%%

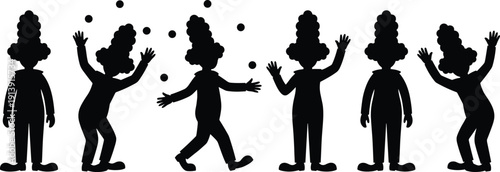 Funny clown silhouettes juggling balls, cartoon character collection, playful circus performer poses, black isolated figures on white background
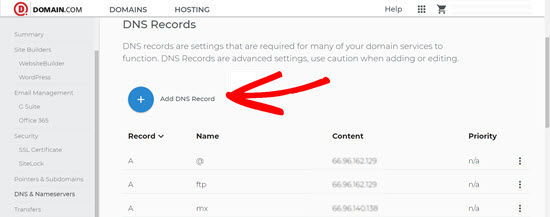 Add DNS Record Domain.com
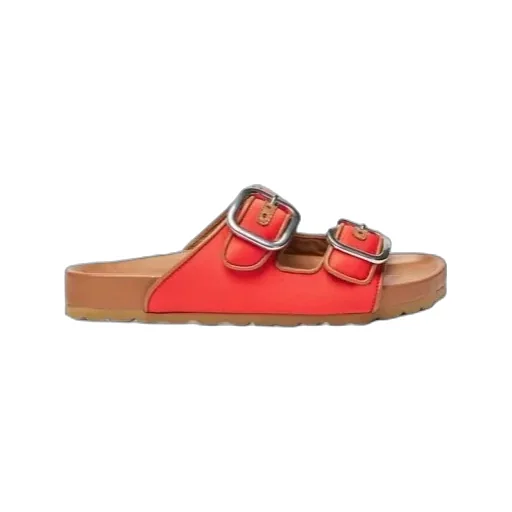 Scarosso Isa Double-Buckle Open-Toe Slides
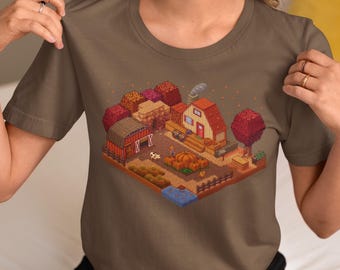 Farm Life Pixel Art T-Shirt: Autumn Colors, Farming Game Fans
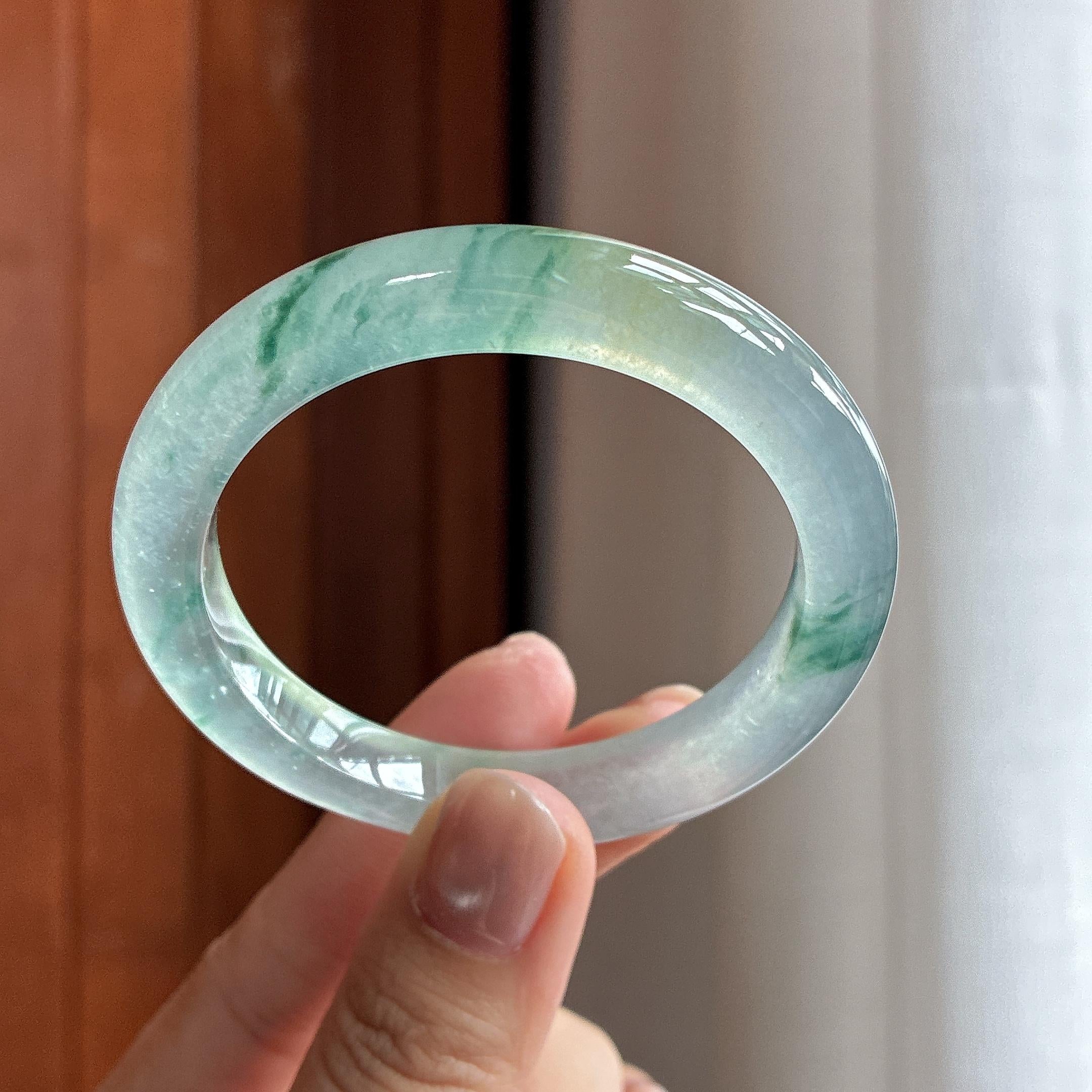 小圈口 冰种飘花正圈平安镯 50圈 天然缅甸A货翡翠（yc469591）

%%

• **Exercise**:
Print each record exactly as it stands, leaving the images out.

• **Your solution**:
 Funny clown silhouettes juggling balls, cartoon character collection, playful circus performer poses, black isolated figures on white background
 Add DNS Record Domain.com
 Scarosso Isa Double-Buckle Open-Toe Slides
 Farm Life Pixel Art T-Shirt: Autumn Colors, Farming Game Fans
 小圈口 冰种飘花正圈平安镯 50圈 天然缅甸A货翡翠（yc469591）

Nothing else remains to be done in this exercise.